A dix heures, un cortège solennel quitte l'église paroissiale et se rend à la messe qui sera donnée dans la chapelle de l'Isle. De nombreux étrangers l'accompagnent sur le chemin, tandis que retentit la musique du petit séminaire de Tréguier. Les couleurs de riches bannières, des étendards et des guidons, des banderoles et des gonfanons ornés de devises se jouent dans le feuillage des arbres. A l'office du matin font suite les vêpres de l'après midi. En fin de journée, tout l'assemblée retourne à l'église paroissiale et la foule se disperse peu à peu.

 

La vieille tour féodale de Coatmen. 

 

L’ombre des seigneurs de Coatmen plane depuis des siècles sur tout le Goëlo, et leur disparition a laissé place aux menaçantes ruines qui dominent la vallée du Leff.

 

L’ancien château, situé sur l’actuelle commune de Tréméven, a croulé dans le ravin au XVème siècle, et il n’en subsiste aujourd’hui qu’une imposante tourelle, souvenir d’une des neuf plus grandes baronnies de la Bretagne ducale.

 

Avec sa silhouette découpée à la hache, dans le silence des lieux brièvement troublés de nuit par des chouettes qui y ont trouvé refuge, sur le léger fond sonore du Leff qui coule en contrebas en charriant tant de souvenirs, la vieille tour de Coatmen surveille toujours activement les environs.

 

Dans ses entrailles, ne vous égarez pas dans le souterrain qui reliait la place forte au manoir de Ponduonec. Aucun vivant n’oserait s’y aventurer, aucun curieux n’est revenu d’une telle visite et le passage est depuis longtemps réservé aux lentes processions des morts.

 

Certaines nuits, vous aurez le privilège d’apercevoir quelques fées. Leurs richesses et leur trésor sont alors étalés sur la prairie, brillant au clair de lune, et vous pourrez vous les approprier si, par chance, vous jetez dessus un chapelet ou tout autre objet bénit.

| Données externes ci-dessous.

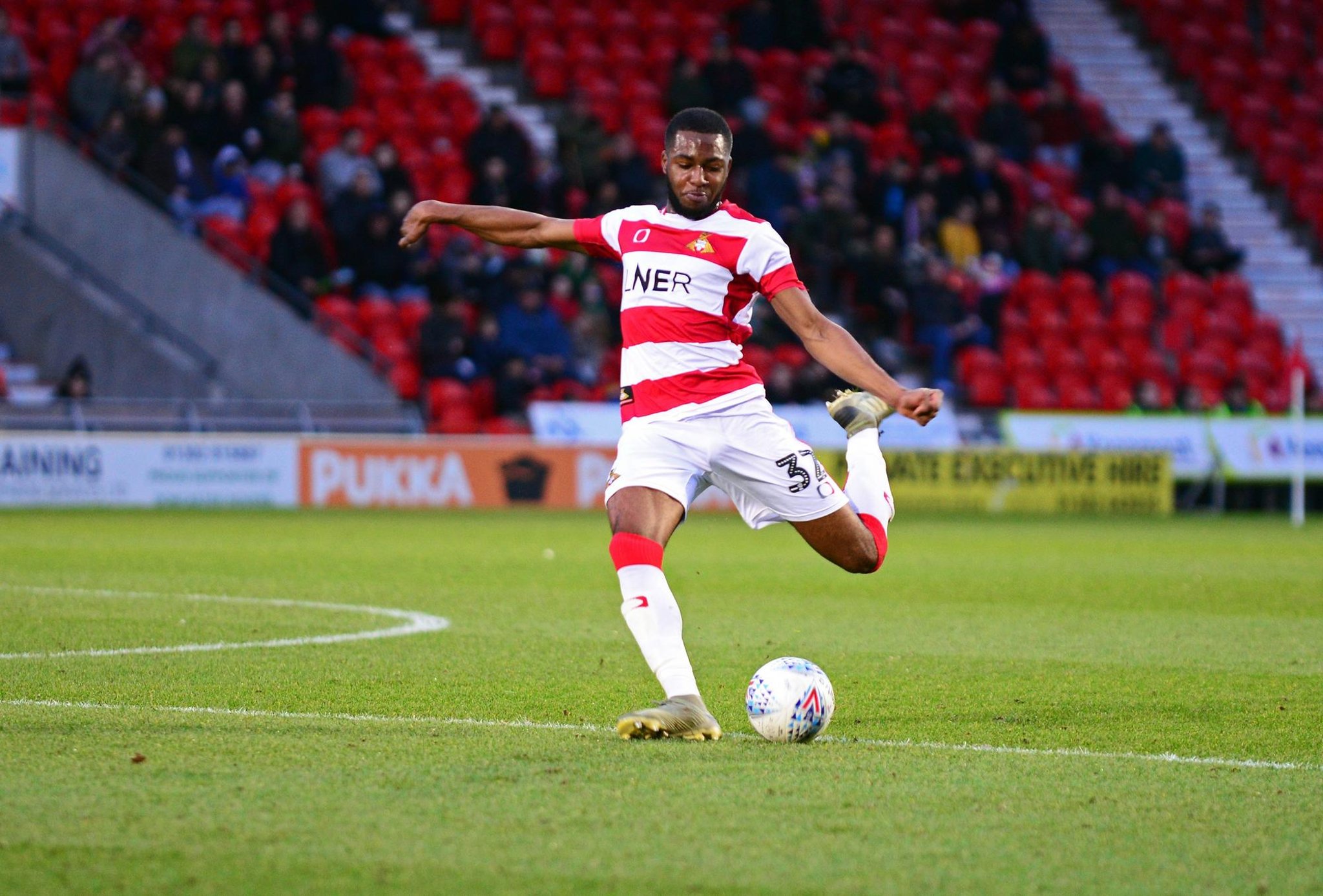 Fastest Matty James Sofifa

Le malheur a voulu que, depuis l’origine, nul voyageur de la nuit ne possédât sur lui un tel objet.

 

D’autres nuits, vous verrez les anciens maîtres des lieux, tout en armes, errer dans les coursives. Ils marchent lentement et, transparents, laissent passer à travers eux les rayons de la lune et le scintillement des étoiles.

 

 



[1] GIRARD, La Bretagne maritime, Rochefort 1889.

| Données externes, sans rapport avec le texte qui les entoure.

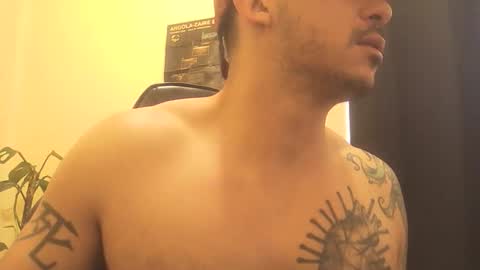 Alexxx online show from 03-12-26, 04:24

[2] Adapté d'après GUILLOTIN DE COURSON , La Chapelle et le pardon de Notre-Dame de l'Isle en Goudelin in Récits de Bretagne, 1ère série, tome I pp.123-133, Rennes 1883. A noter que l'abbé Jean-Marie PERROT signale également le culte de Marie dans son ouvrage Bué ar Zent, pp.915-916 (Itron Varia an Enez en parrouz Goudelin).